In its early years, much of Amazon Web Services' (AWS) growth came from the avid embrace of its bread-and-butter cloud computing and storage services by startups and cloud service providers such as Netflix (NFLX) , Instagram, Dropbox, Pinterest and Spotify. Quite often, these companies wanted to be spared the trouble of running their own data centers, and found AWS to be a convenient alternative.
Traditional enterprises that already had their own data centers were also spending money on AWS. But much of it was the result of individual teams and departments taking the initiative to use Amazon (AMZN) for certain workloads or projects, rather than large-scale deals that CIOs were signing off on.
Today, as AWS barrels towards a $15 billion annual revenue run rate, the story looks a lot different. Global 2000-type companies are making "strategic" decisions to move a large chunk of their workloads to AWS, and in some cases shutter many of their data centers along the way. GE and Capital One were among the companies to announce such moves last year.

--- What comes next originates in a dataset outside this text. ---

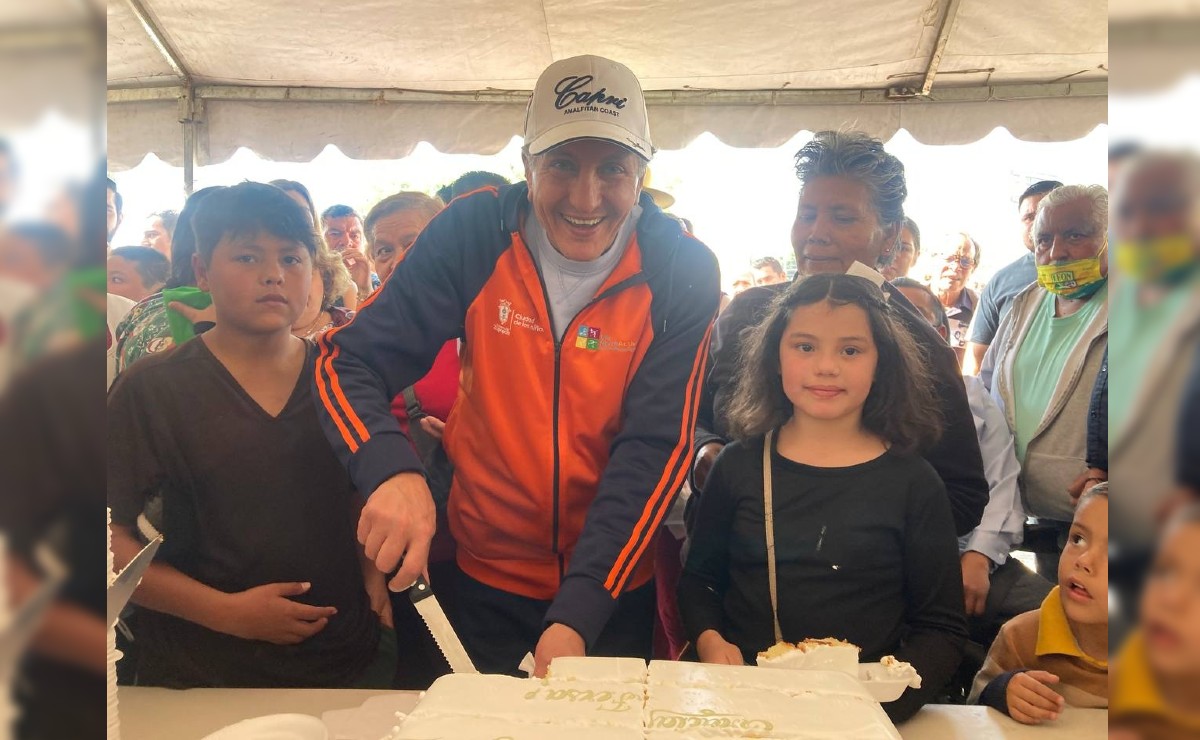 Juan José Frangie encabeza festejo del Mercado de Atemajac (Roberto Hurtado)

This transformation has a lot to do with how AWS has evolved from a provider of basic cloud infrastructure (IaaS) services into a platform supporting thousands of apps and value-added managed services that collectively make it easy for enterprises to migrate critical workloads to the cloud and generally replicate much of what they've been doing within their own data centers.
This year's AWS re:invent conference, which runs from Monday to Friday in Las Vegas and is expected to attract thousands of partners, developers and customers, should provide the next chapter in the company's efforts to get big business to stop worrying and love the cloud. Another goal is to keep clients from giving Microsoft (MSFT) and Alphabet's (GOOGL) fast-growing cloud operations a look.